Senator Martha McSally said she was raped by a superior officer when she served in the Air Force and that when she tried to talk about it later with military officials, she “felt like the system was raping me all over again.”
The Arizona Republican, the first female fighter pilot to fly in combat, said she initially didn’t report instances of sexual assault while in the military because she, like others, didn’t trust the system for dealing with such incidents in the armed forces. She made the revelation Wednesday at a Senate Armed Services subcommittee hearing on the military’s response to sexual assault reports.
“I blamed myself. I was ashamed and confused. I thought I was strong but felt powerless. The perpetrators abused their position of power in profound ways,” said McSally, 52. “In one case I was preyed upon and raped by a superior officer.”
McSally said she told no one for years.
Years after the rape, she said, she shared her experience and was “horrified” at how it was handled.
“I almost separated from the Air Force at 18 years of service over my despair. Like many victims, I felt like the system was raping me all over again,” she said, tearing up.
But she said the military has gotten better at handling assaults in part because service members are speaking out about their experiences. She said that although many commanders have failed to meet their responsibility in dealing with sexual assault cases, she opposes proposals to remove them from overseeing such cases, saying they must be held accountable for policing assaults and preventing them instead.
“We must ensure all commanders are trained and empowered to take legal action, prosecute fairly, and rid perpetrators from our ranks,” she said. “And if the commander is the problem or fails in his or her duties, they must be removed and held harshly accountable.”
McSally has previously recounted abuse by a high school coach and has said she was harassed while in the Air Force. In 2004, she became the first woman to command an Air Force fighter squadron, and she retired as a full colonel in 2010 after 26 years in the service. She was later elected to the U.S. House.
Her account follows the disclosure by her fellow Republican senator, Iowa’s Joni Ernst, that she was raped in college by someone she knew, and the allegation that her ex-husband physically abused her.

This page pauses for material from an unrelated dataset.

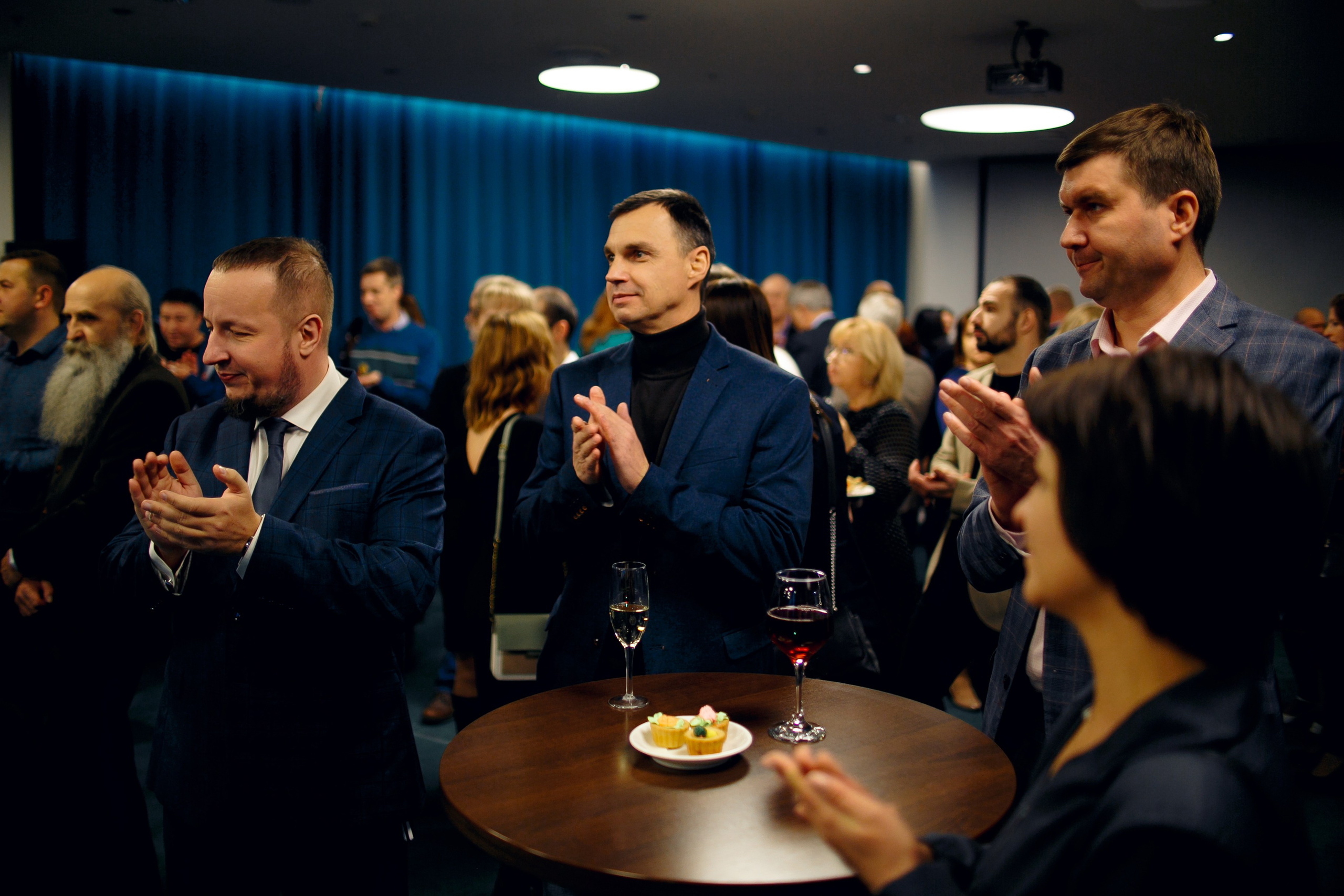 Банкет в гостинице «Космос». Ваш репортажный фотограф Артемий Антонов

Ernst also is a veteran.
“I just texted her real quick and I just said ‘I love you and I support you,’” Ernst said.
Ernst said she’s hopeful they can develop a bipartisan effort to deal with these issues.
“We need to talk about, of course, repercussions for those that perpetrate sexual assault, sexual harassment, but then what we need to do is really address the root cause of it and prevent it,” Ernst said, citing the need for more education teaching dignity and respect.

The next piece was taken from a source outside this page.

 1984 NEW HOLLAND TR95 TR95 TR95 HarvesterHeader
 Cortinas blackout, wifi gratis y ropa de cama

Ernst said she met with Judiciary Chairman Lindsey Graham of South Carolina and top panel Democrat Dianne Feinstein of California on Tuesday about reviving the lapsed Violence Against Women Act and said she’s also spoken to Senate Majority Leader Mitch McConnell, who she said also supports the effort.
McSally was appointed to serve the final two years of the late John McCain’s Senate term after losing last year’s race against Democrat Kyrsten Sinema.
In an interview for “CBS This Morning” McSally said, “it’s not just as a commander that I speak, but it’s as a survivor that I just felt I needed to talk about it.”
“But it isn’t about me,” she said in the interview, which is scheduled to be broadcast on Thursday and Friday, “I wanted to give the perspective of why I am advocating so strongly for women in the military and why I’m advocating that the command chain has to step up and do their job to rid us of sexual assault.”